Linar headed towards the fire burning at the edge of the forest. As we walked he thought about the order to come on foot. What was that about? Would it not have been quicker to come on horseback? He dismissed the thought as sounds of battle reached him on the wind. He quicked his pace to a run and headed towards the fight.

As he drew near he saw a host of lesser daemons and a daemon prince. In the middle there were three elves fighting for their lives. Linar pulled his bow off his back and fitted an arrow. He aimed for one of the daemons and fired, hitting the deamon in the chest and causing it to return to the Warp. He shot down another before he was noticed and some of the daemons split off from the rest and headed towards him. One more daemon was returned to the Warp by a well-aimed shot before Linar was forced to put away his bow and draw his sword. He then charged into the oncoming daemons with a warcry on his lips.


----------



## Skreining (Jul 25, 2008)

Seeing the black shape of the Daemon prince rise above the tree line of the forest Keraldria redoubled his pace reaching the top of the hill in almost an instant. Staring out over the grassy plain below him he saw the Bloodletters surrounding the Phoenix king and a White Lion. A smile curled his lips and he took a deep breath savouring the scent of battle before throwing back his head and roaring “Aaahhhh, glorious!” and charged down the hill toward the fighting.
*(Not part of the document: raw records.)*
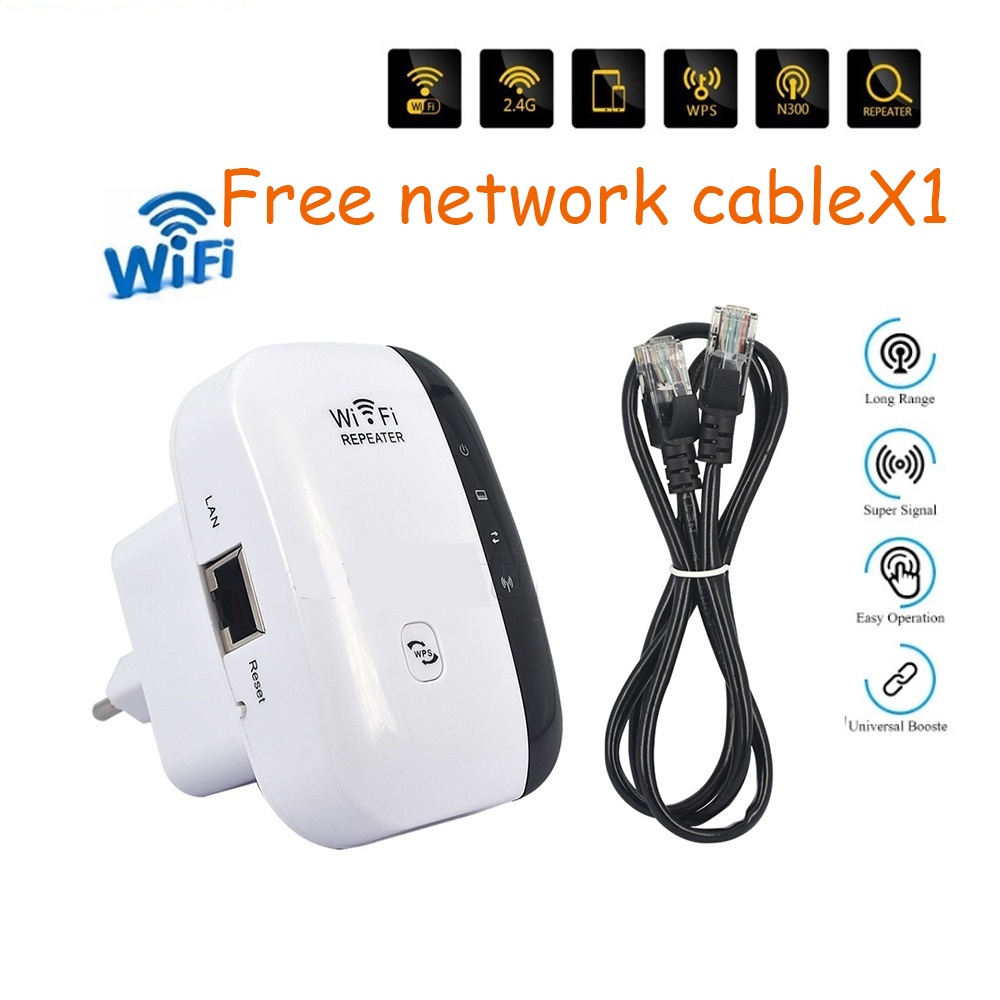 Wireless Router 300Mbps WiFi Repeater Network Signal ExtenderSpeed 2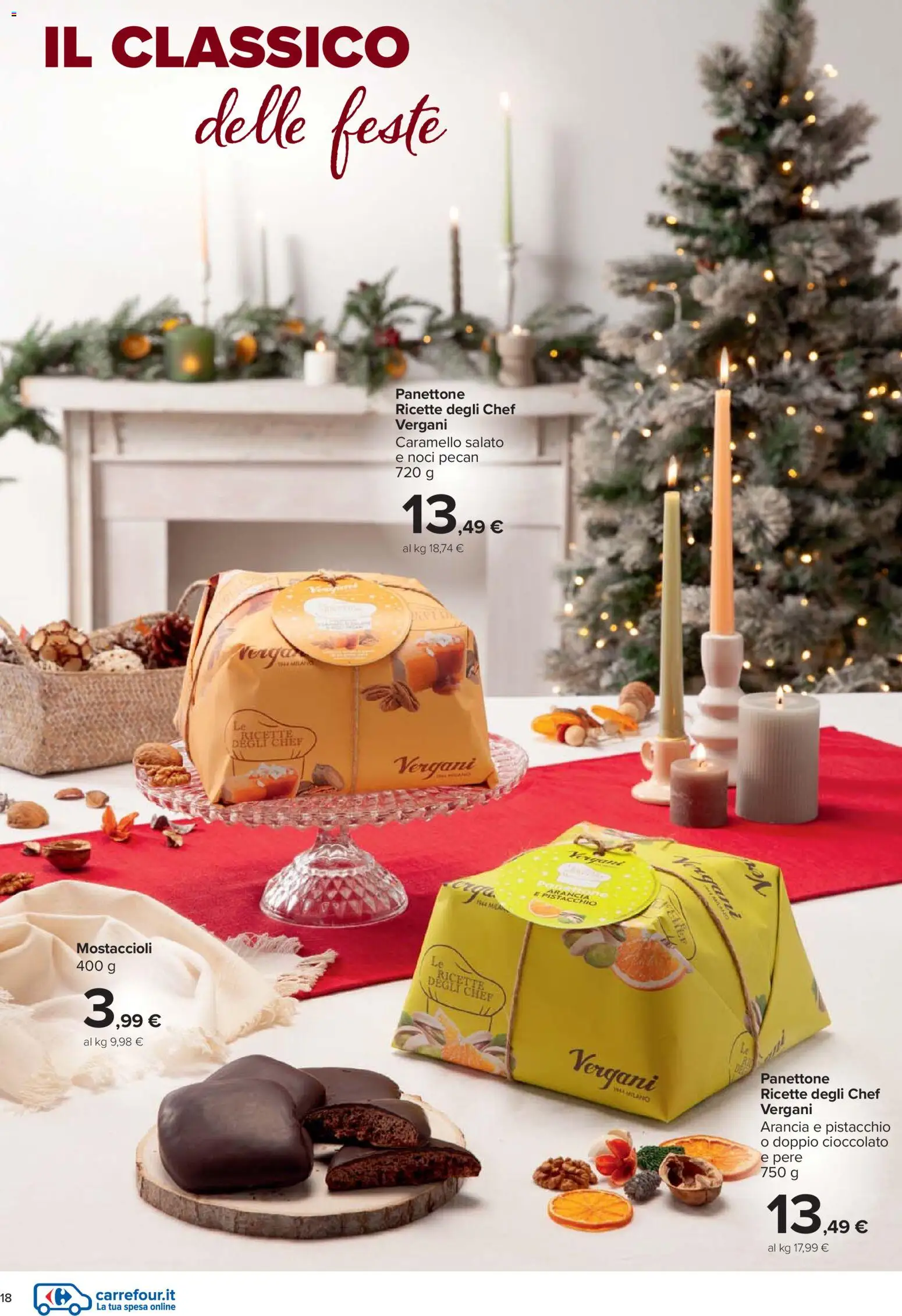 Volantino Carrefour del 27.11.2025 | Pagina: 18 | Prodotti: Cioccolato, Noci, Panettone, Arancia
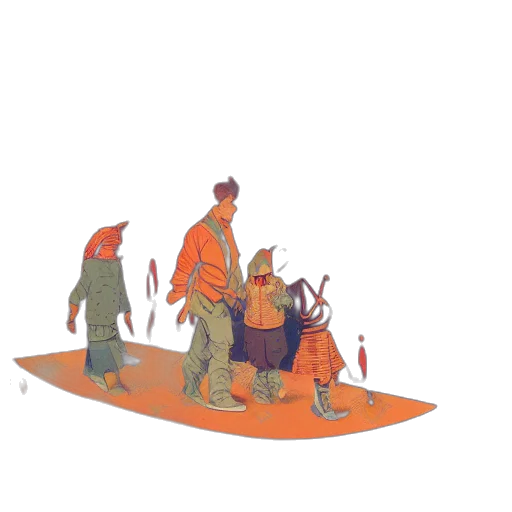 staff, mask, dragon, umbrella transparent PNG cut-out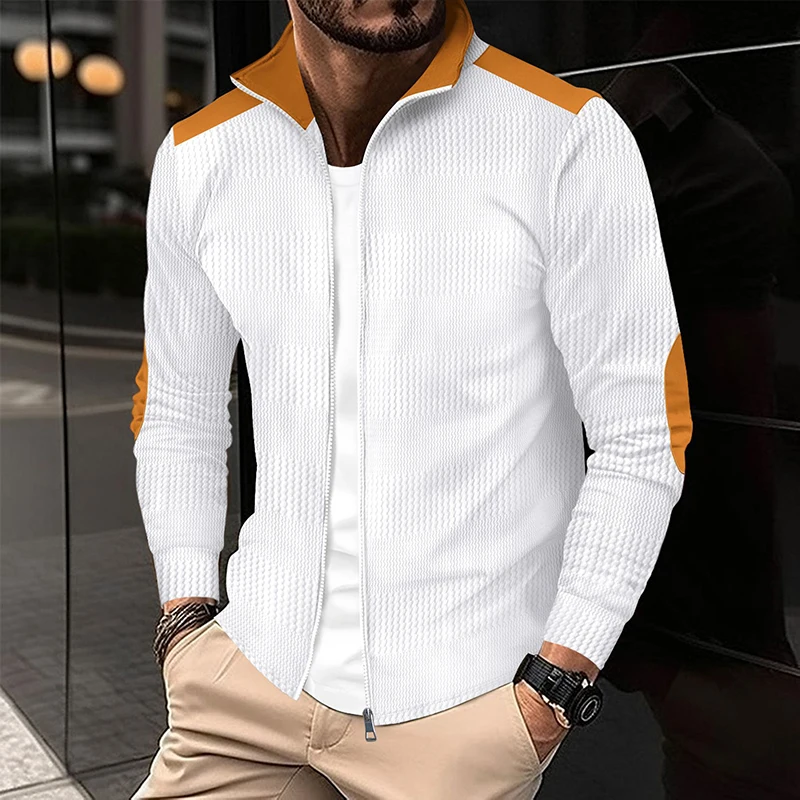 Мужская тонкая толстовка с воротником-стойкой повседневная свободная куртка на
The Bloodletter swung back his blade to take a swipe at Aenarion’s back. The blow never came; as a blade jutted out from where its heart would have been had it had one. The blade was swept upward, cutting the Bloodletter in half from the waist up. As it fell Keraldria leapt over the corpse to clash blades with another daemon. The two struggled for a moment before the daemons blade began to dissolve at the point where it touched Keraldria’s. As the Bloodletter noticed this it was too late and it was severed diagonally from left hip to right shoulder. Keraldria drew his sword from the ground and turned to face where the king and the White Lion were fighting. All of a sudden a Bloodletter’s arm curled around Keraldria’s throat from behind and its blade stabbed through the front of his armour. Inured to pain by the intense rush Keraldria got from combat he simply smiled and spoke “curse you foul daemon for your cowardly attack” and grabbed the hilt of the daemons sword with his free hand and pushed it further through his stomach into the head of the daemon behind him which was all ready having to stretch up to reach his neck. As the Bloodletter fell away from him he pulled the blade from his torso and discarded it. He could all ready feel the two profusely bleeding wounds on either side of his body closing and plunged back into the fighting, vaguely aware of other elves joining the combat. Leaping forward he raised his blade to split the head of a daemon foolish enough to turn its back on him.


----------



## BlackApostleVilhelm (May 14, 2008)

OOC: sorry bout the short post earlier i was at school lol

As Helios swung Hadesa at another bloodletter he saw another elf enter the fray. Moments later the elf had a sword through his gut and when Helios moved to help him he simply pulled it out himself and strode back into the battle, impressive, he thought. An axe swung close to his head and he ducked kicking at the daemons legs, tripping it, and then brought Hadesa down upon it incinerating his foe. The more he killed the brighter his armor glowed which added some much needed light in this night battle. He could feel Araes's desire to join him but he cautioned him not to, it would be a waste of energy for was he not a prince of Caledor? No daemon could stand in his way so long as he drew breath. 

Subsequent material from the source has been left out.